§ EXERCISE DIRECTIONS: Omit all pictures, and print word for word only the lines from the one containing "14640 Halldale Ave — Photo 11" through the end of the data.

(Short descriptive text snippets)
○ ○ ○ ○ ○ ○ ○

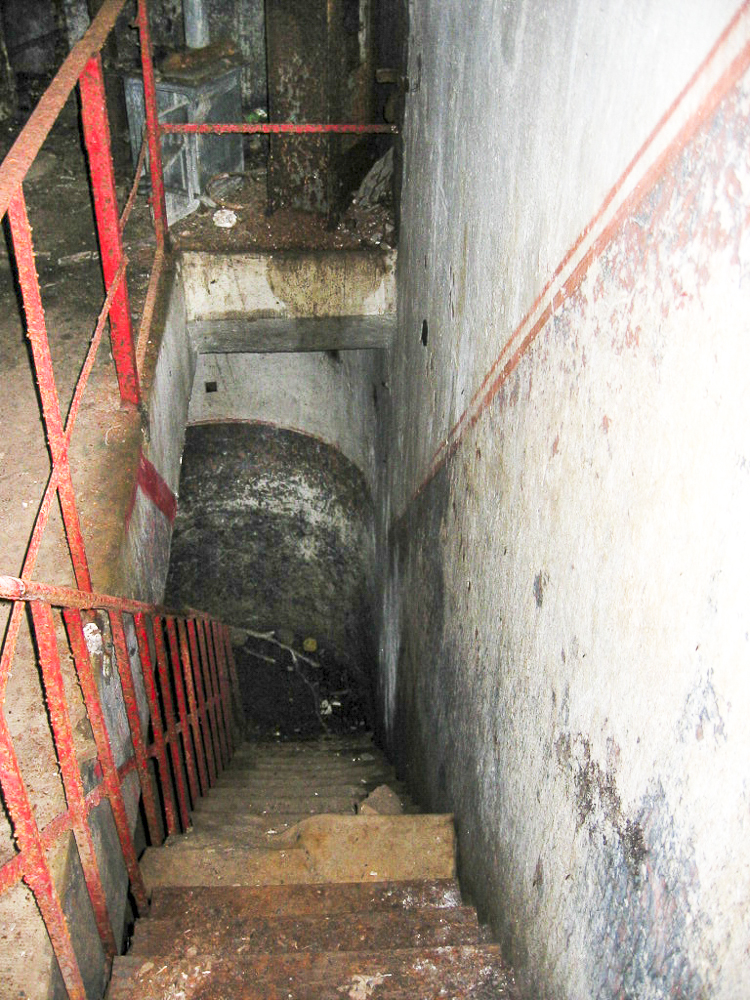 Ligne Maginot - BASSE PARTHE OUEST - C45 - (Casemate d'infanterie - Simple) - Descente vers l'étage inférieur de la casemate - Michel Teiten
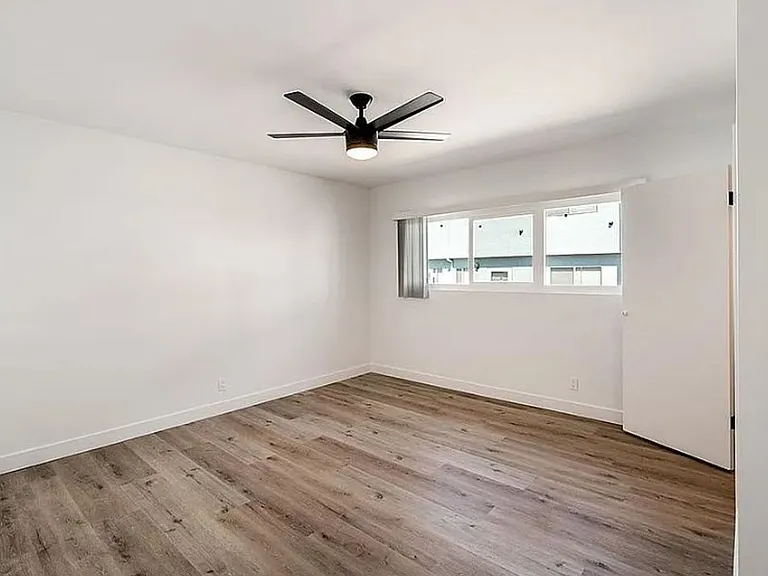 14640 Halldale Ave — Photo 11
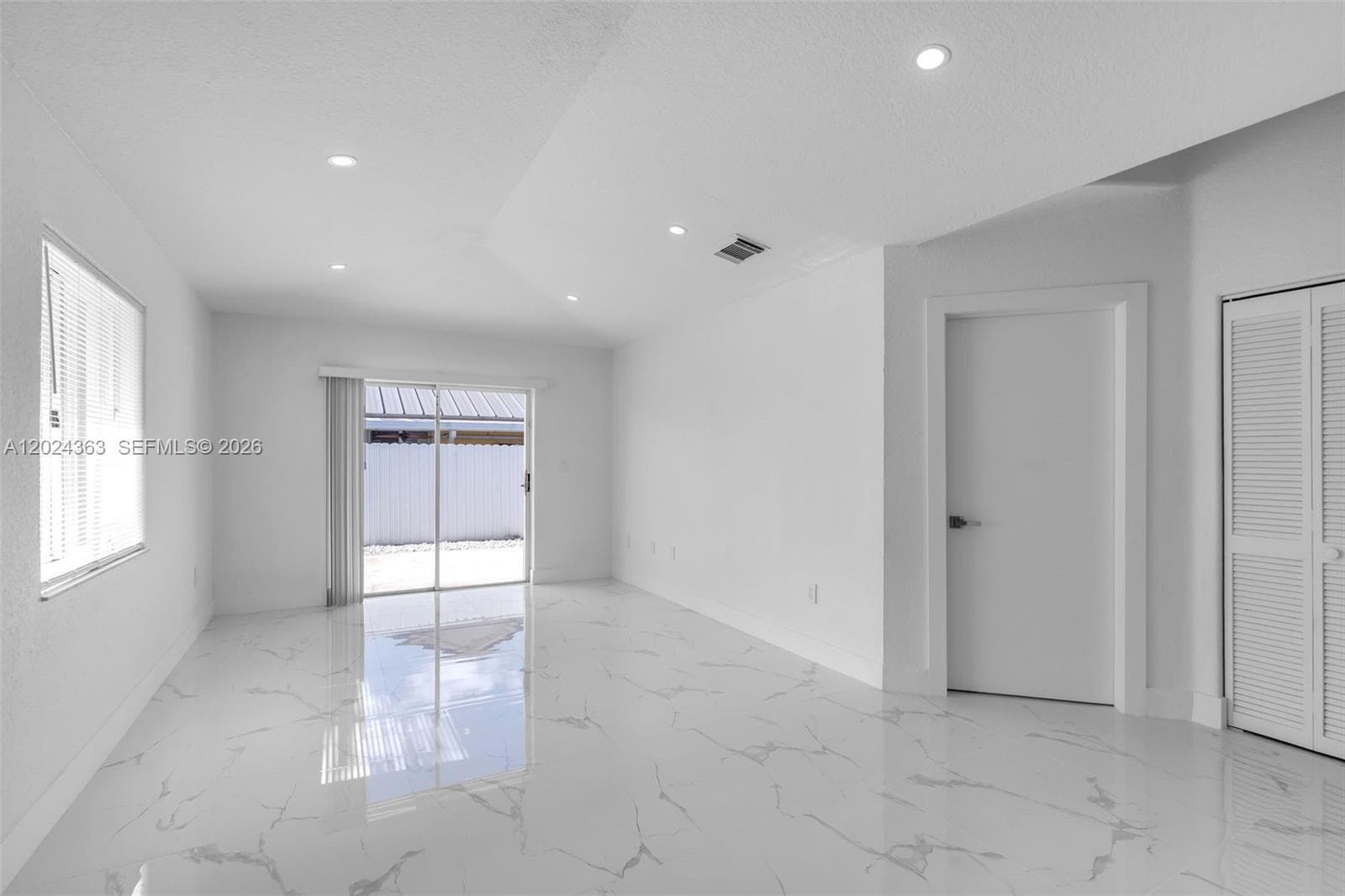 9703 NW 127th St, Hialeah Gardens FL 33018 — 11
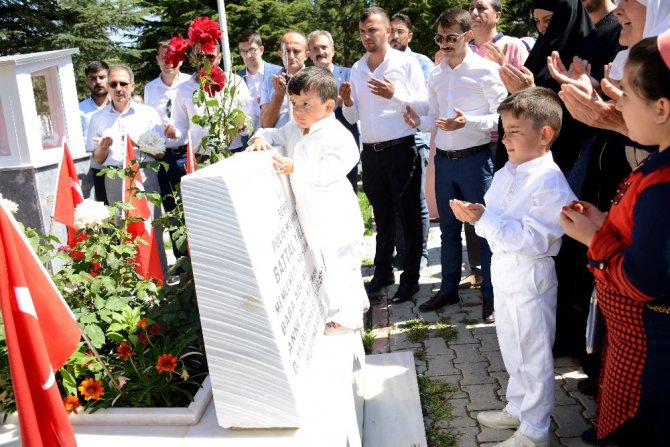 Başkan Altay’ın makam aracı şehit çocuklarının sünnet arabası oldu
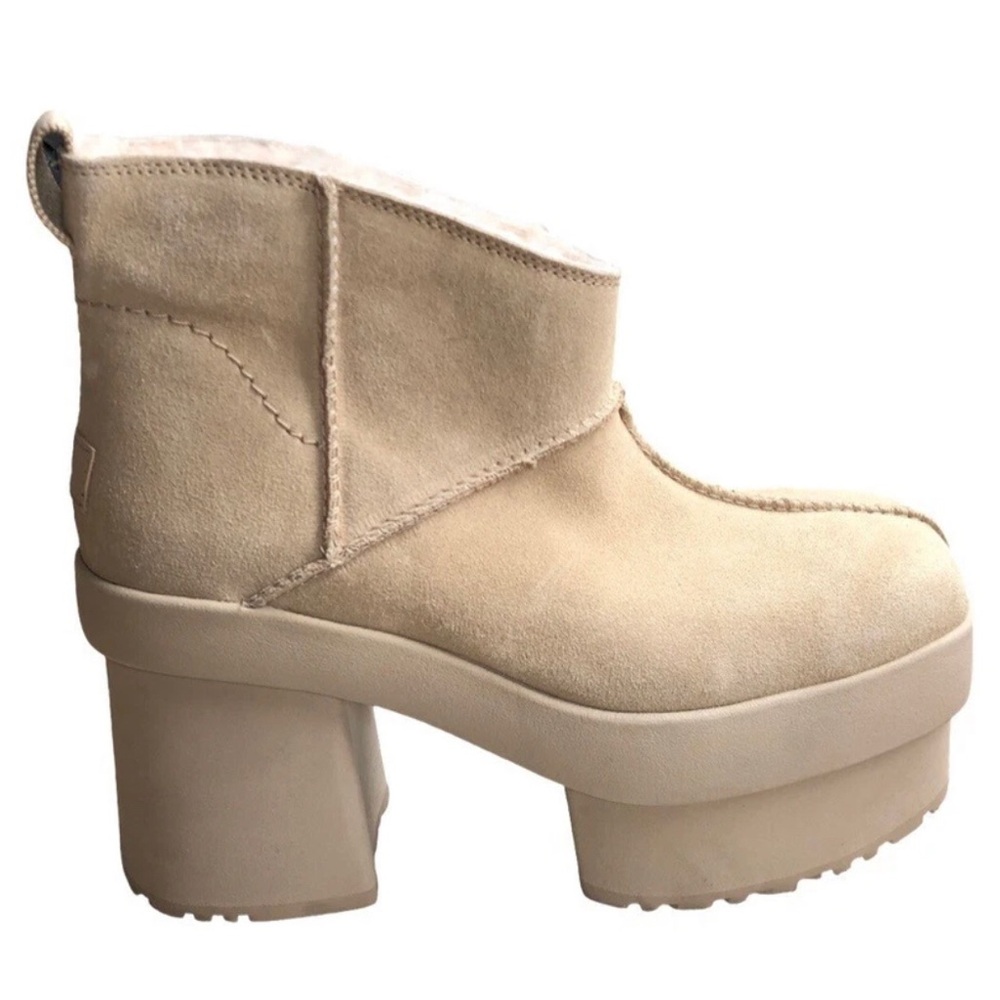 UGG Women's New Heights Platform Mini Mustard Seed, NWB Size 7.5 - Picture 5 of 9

○ ○ ○ ○ ○ ○ ○

§ SOLVED EXERCISE:
 14640 Halldale Ave — Photo 11
 9703 NW 127th St, Hialeah Gardens FL 33018 — 11
 Başkan Altay’ın makam aracı şehit çocuklarının sünnet arabası oldu
 UGG Women's New Heights Platform Mini Mustard Seed, NWB Size 7.5 - Picture 5 of 9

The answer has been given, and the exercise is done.